Data provided section start

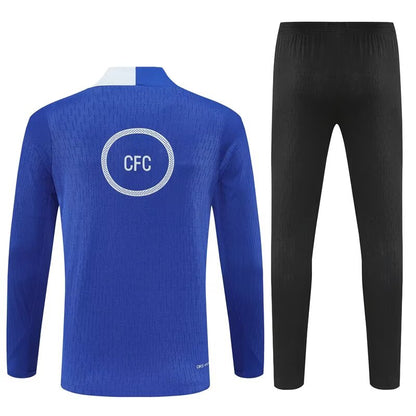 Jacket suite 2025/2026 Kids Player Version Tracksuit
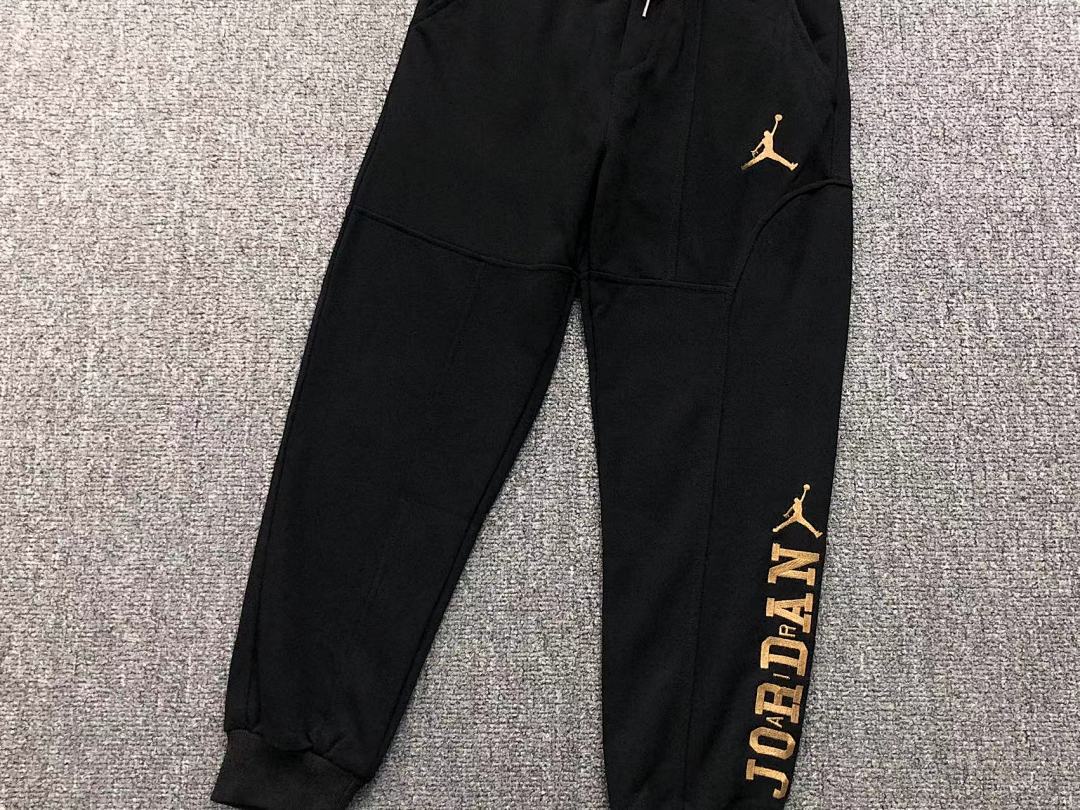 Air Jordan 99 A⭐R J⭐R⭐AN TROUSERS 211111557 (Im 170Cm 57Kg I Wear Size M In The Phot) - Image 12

Data provided section end
Data provided section start

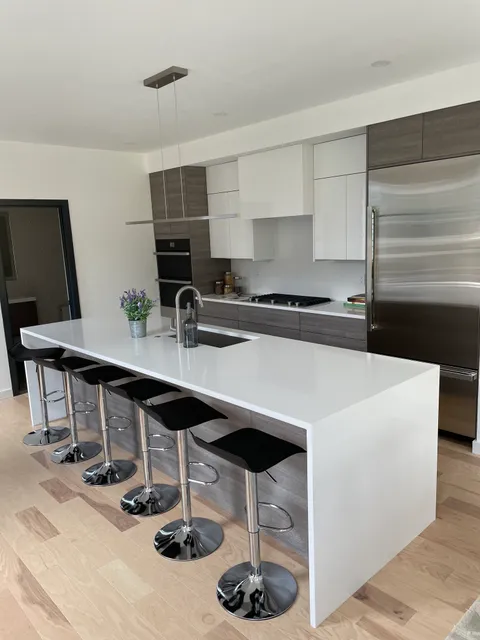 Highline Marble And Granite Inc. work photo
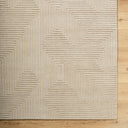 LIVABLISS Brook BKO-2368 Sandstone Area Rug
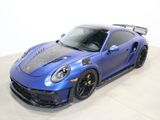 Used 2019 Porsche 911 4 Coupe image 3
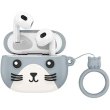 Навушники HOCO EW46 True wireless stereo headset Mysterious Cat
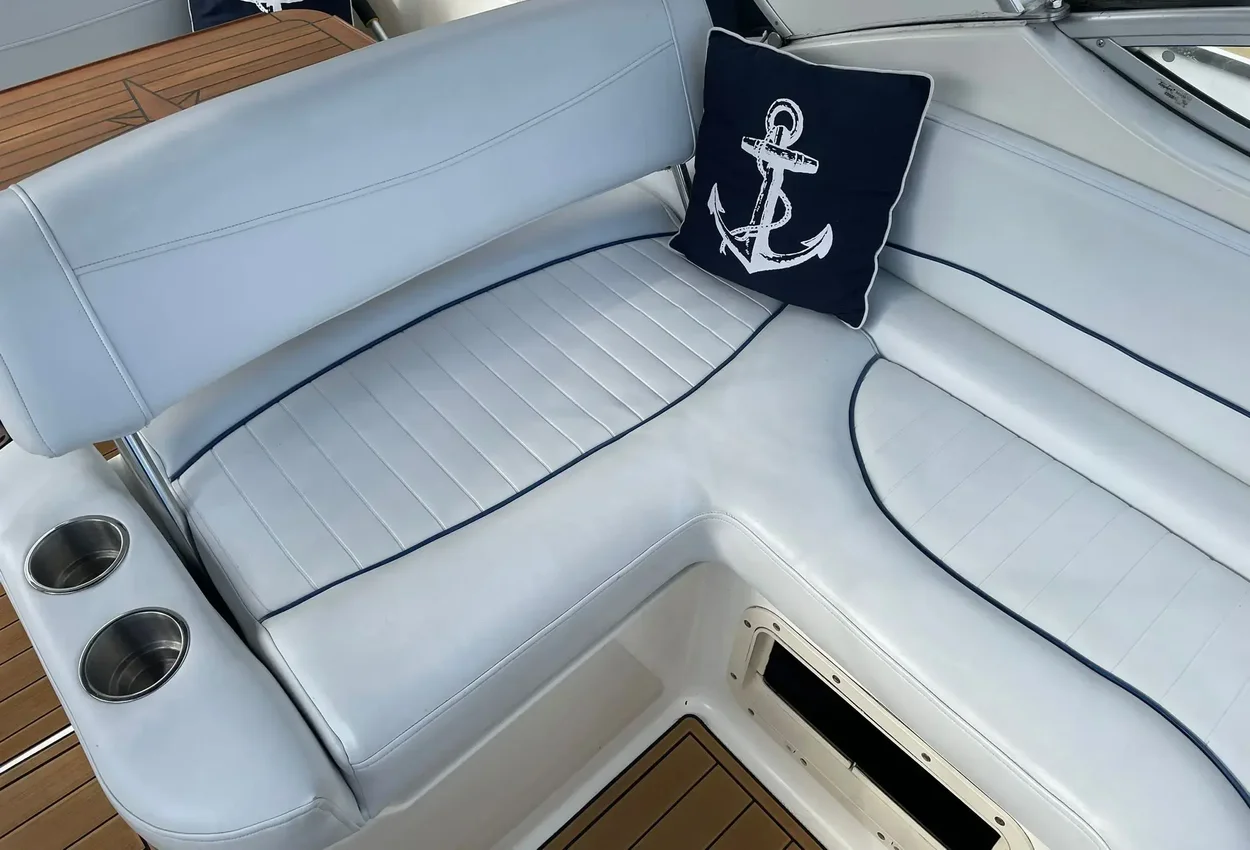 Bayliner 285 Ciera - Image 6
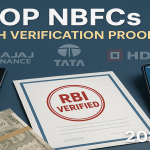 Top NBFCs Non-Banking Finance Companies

Data provided section end

§ Assignment: Going back to the data above, write out everything from the line with "Highline Marble And Granite Inc. work photo" down to the line with "Top NBFCs Non-Banking Finance Companies", both included, leaving every picture out.

§ Answer to this problem:
 Highline Marble And Granite Inc. work photo
 LIVABLISS Brook BKO-2368 Sandstone Area Rug
 Used 2019 Porsche 911 4 Coupe image 3
 Навушники HOCO EW46 True wireless stereo headset Mysterious Cat
 Bayliner 285 Ciera - Image 6
 Top NBFCs Non-Banking Finance Companies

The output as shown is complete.